A logical view on a virtual datacentre services architecture

A couple of years ago, I wrote a post about a logical view of an End-User Computing (EUC) architecture (which provides a platform for Modern Workplace). It’s served me well and the model continues to be developed (although the changes are subtle so it’s not really worth writing a new post for the 2019 version).

Building on the original EUC/Modern Workplace framework, I started to think what it might look like for datacentre services – and this is something I came up with last year that’s starting to take shape.
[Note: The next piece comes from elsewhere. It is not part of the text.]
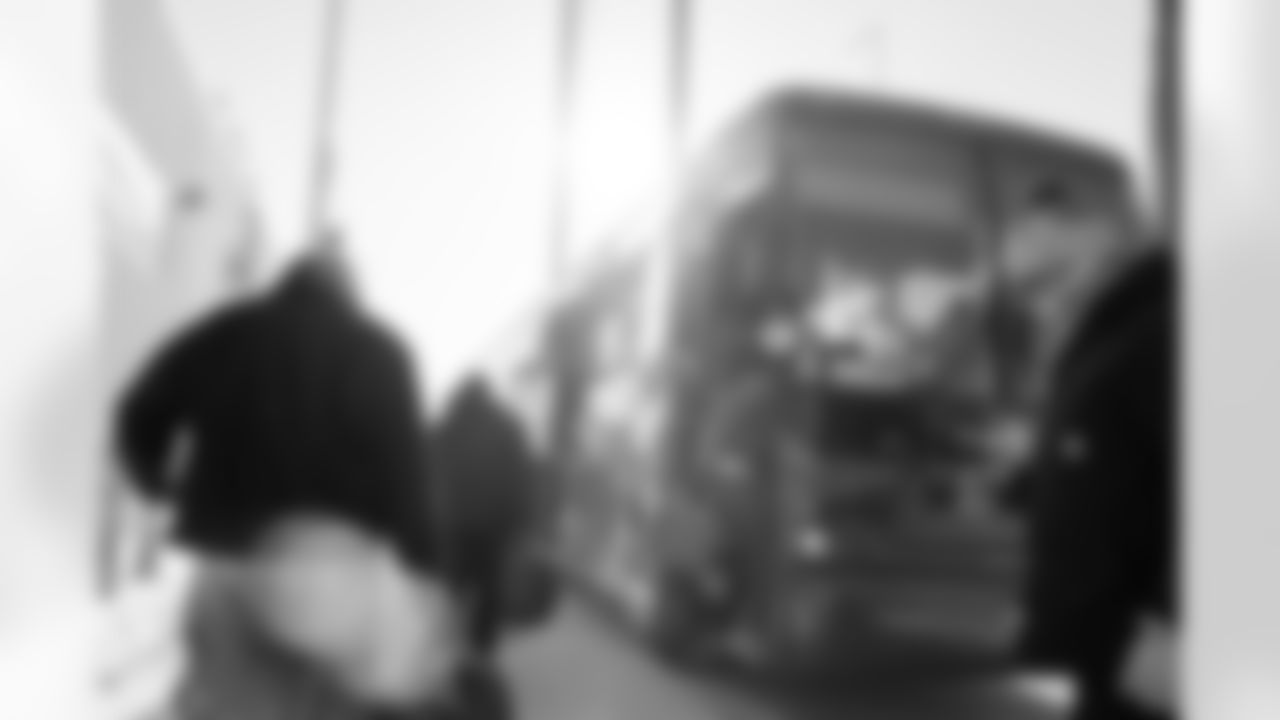 12132025_DallasTravel_0017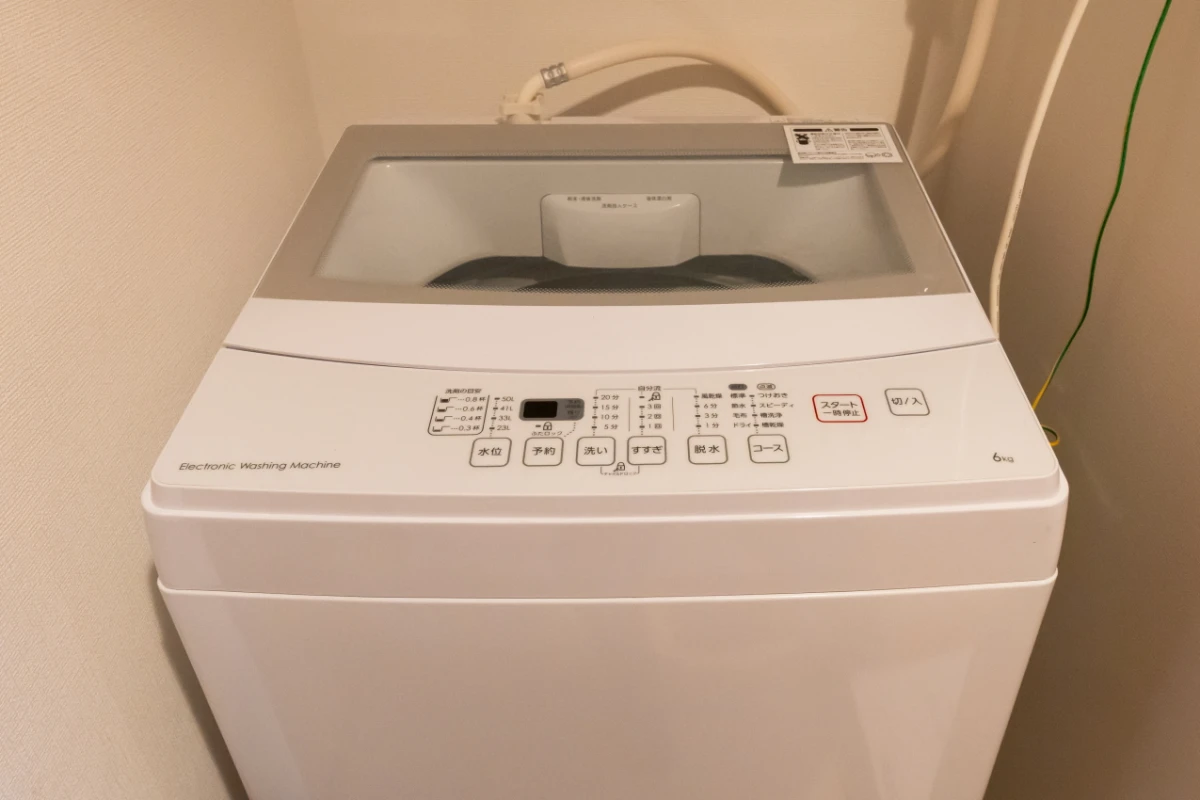 家具家電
Just as for the EUC model, I’ve tried to step up a level from the technology – to get back to the logical building blocks of the solution so that I can apply them according to a specific client’s requirements. I know that it’s far from complete – just look at an Azure or AWS feature list and you can come up with many more classifications for cloud services – but I think it provides the basics and a starting point for a conversation:

Logical view of a virtual datacentre environment

Starting at the bottom left of the diagram, I’ll describe each of the main blocks in turn:

  • Whether hosted on-premises, co-located or making use of public cloud capabilities, Connectivity is a key consideration for datacentre services. This element of the solution includes the WAN connectivity between sites, site-to-site VPN connections to secure access to the datacentre, Internet breakout and network security at the endpoints – specifically the firewalls and other network security appliances in the datacentre.
  • Whilst many of the SBBs in the virtual datacentre services architecture are equally applicable for co-located or on-premises datacentres, there are some specific Cloud Considerations. Firstly, cloud solutions must be designed for failure – i.e. to design out any elements that may lead to non-availability of services (or at least to fail within agreed service levels). Depending on the organisation(s) consuming the services, there may also be considerations around data location. Finally, and most significantly, the cloud provider(s) must practice trustworthy computing and, ideally, will conform to the UK National Cyber Security Centre (NCSC)’s 14 cloud security principles (or equivalent).
  • Just as for the EUC/Modern Workplace architecture, Identity and Access is key to the provision of virtual datacentre services. A directory service is at the heart of the solution, combined with a model for limiting the scope of access to resources. Together with Role Based Access Control (RBAC), this allows for fine-grained access permissions to be defined. Some form of remote access is required – both to access services running in the datacentre and for management purposes. Meanwhile, identity integration is concerned with integrating the datacentre directory service with existing (on-premises) identity solutions and providing SSO for applications, both in the virtual datacentre and elsewhere in the cloud (i.e. SaaS applications).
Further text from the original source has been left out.